University of Massachusetts Press
- Parent company: University of Massachusetts Amherst
- Founded: 1963
- Country of origin: United States
- Headquarters location: Amherst, Massachusetts
- Distribution: Chicago Distribution Center (US) University of British Columbia Press (Canada) Eurospan (EMEA)
- Publication types: Books
- Official website: www.umasspress.com

= University of Massachusetts Press =

Publisher

The University of Massachusetts Press is a university press that is part of the University of Massachusetts Amherst. The press was founded in 1963, publishing scholarly books and non-fiction. The press imprint is overseen by an interdisciplinary faculty committee. The press is currently a member of the Association of University Presses.

==Juniper Prizes==
The press also publishes fiction and poetry through its annual Juniper Prizes. The Juniper Prize was named in honor of local poet Robert Francis and his house ('Fort Juniper').
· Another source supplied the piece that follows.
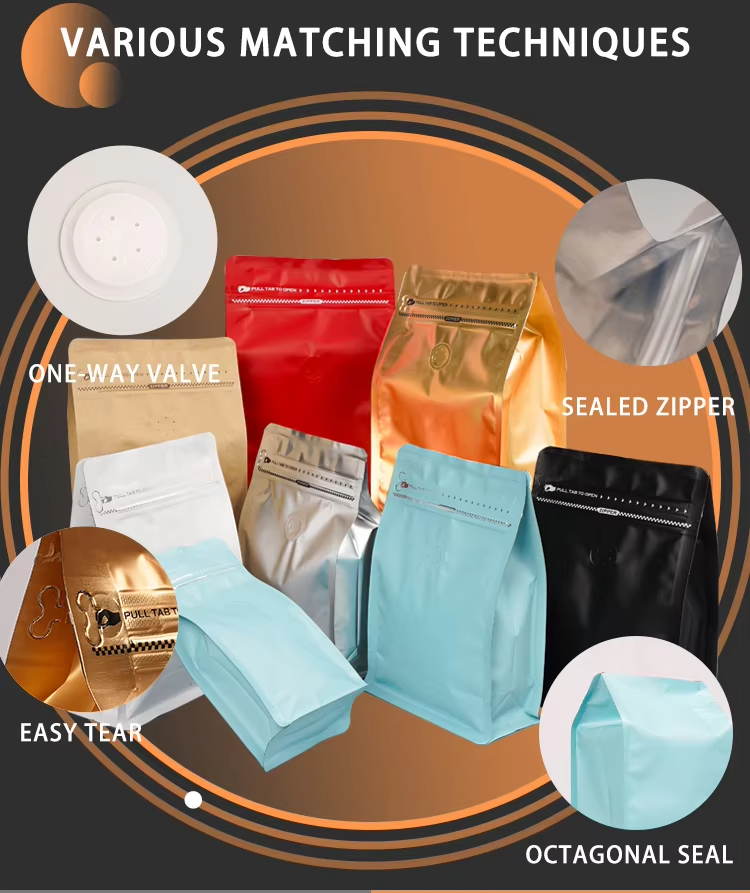 Tear Resistant Puncture Proof Design Black Plastic Flat Bottom Heat Sealed Valve Coffee Bags for Packaging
The Juniper Prizes include:

- 2 prizes for poetry: one for a previously published poet, one for a poet not previously published
- 2 prizes for fiction: one for a novel, one for a collection of short stories
- creative non-fiction
The poetry award began in 1975, the fiction award in 2004, and the award for creative non-fiction in 2018.

==Controversies==
University of Massachusetts Press joined The Association of American Publishers trade organization in the Hachette v. Internet Archive lawsuit which resulted in the removal of access to over 500,000 books from global readers.